L’impatto economico del lavoro domestico

Le famiglie italiane investono complessivamente 13 miliardi di euro nel lavoro domestico, di cui 7,6 miliardi per i regolari e 5,4 miliardi per gli irregolari. Questi investimenti generano un risparmio di circa 6 miliardi di euro per lo Stato, che altrimenti dovrebbe sostenere i costi del ricovero in strutture per gli anziani accuditi a domicilio. Inoltre, la spesa delle famiglie ha un impatto positivo sull’economia, stimolando la produzione per 21,9 miliardi di euro e generando 253,8 milioni di nuove ore di lavoro.

La care economy, un pilastro del PIL

Il lavoro domestico contribuisce con 15,8 miliardi di euro al valore aggiunto nazionale, pari all’1% del PIL. Se si considera l’intero comparto della “care economy”, il valore raggiunge gli 84,4 miliardi di euro, ossia il 4,4% del PIL, superando settori chiave come l’agricoltura (39,5 miliardi) e la ristorazione (79,9 miliardi).

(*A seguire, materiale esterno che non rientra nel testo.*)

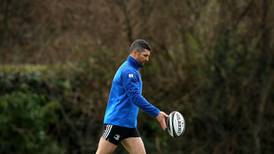 Rob Kearney captains Leinster against the Scarlets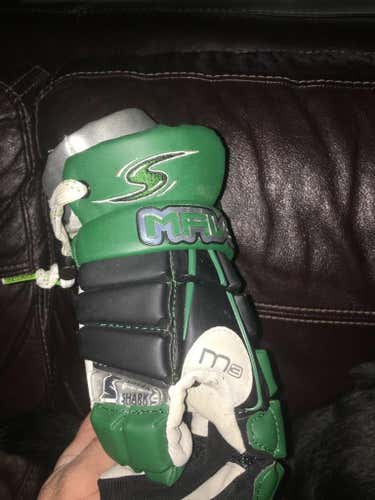 Maverick m3 custom glove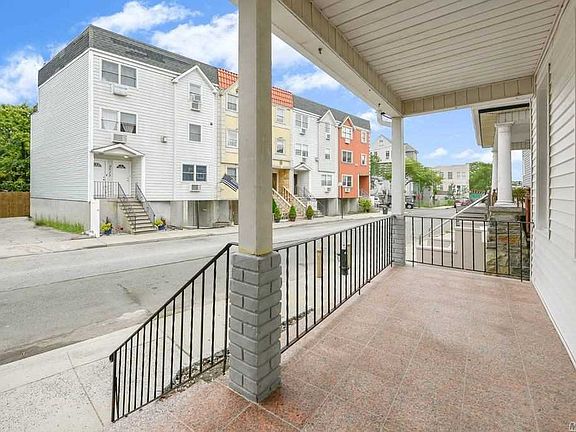 3rd image of 9010 Holland Ave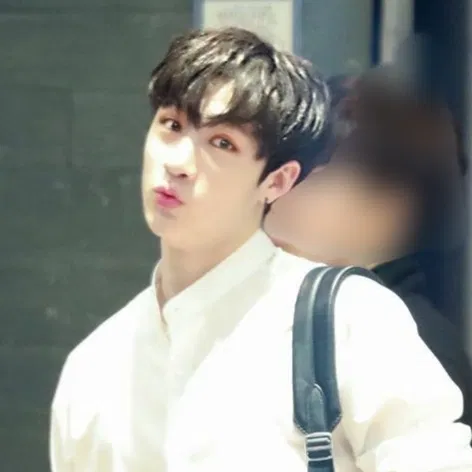 Avatar of Bangchan [kinktober: toy]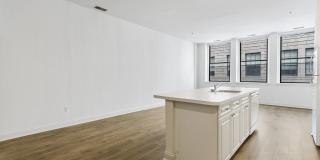 1300-6 CHESTNUT Street Gallery 7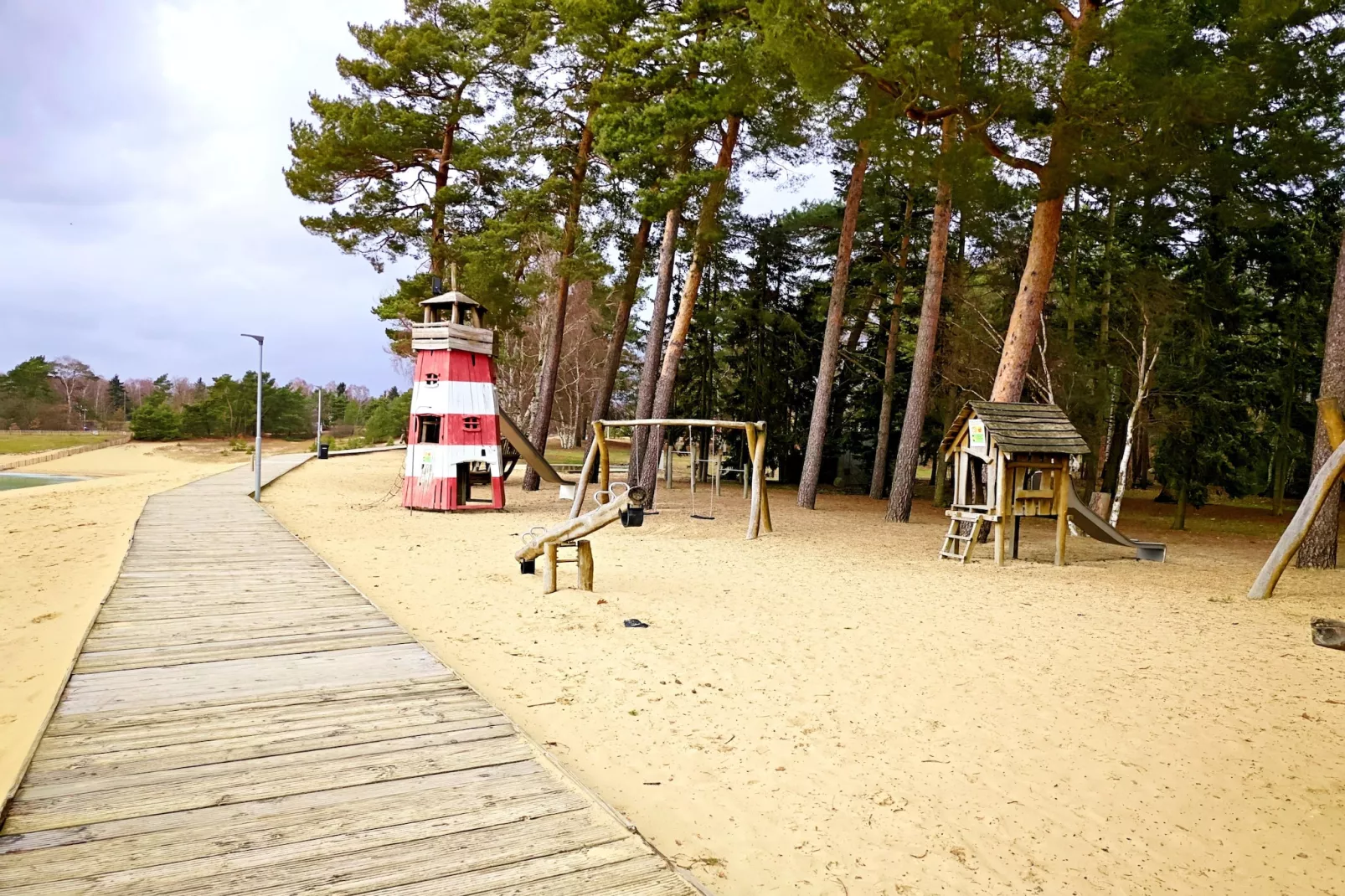 Beach House 2 - Areas within 5km in summer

Le parole del Segretario Generale di DOMINA

Lorenzo Gasparrini, Segretario Generale di DOMINA, ha sottolineato: “Non solo grazie alle famiglie datoriali si riesce a sostenere il lavoro di cura, ma i 13 miliardi spesi dalle famiglie determinano uno stimolo alla produzione quantificabile in quasi 22 miliardi di euro. La nostra missione è non solo offrire assistenza e servizi, ma anche contribuire al riconoscimento della dignità di questo settore, perseguendo l’obiettivo di tutelare i diritti di lavoratori e datori di lavoro”.

Questo rapporto ribadisce il ruolo cruciale del lavoro domestico nell’economia italiana, evidenziando al contempo le sfide legate all’irregolarità e alla necessità di un maggiore supporto istituzionale.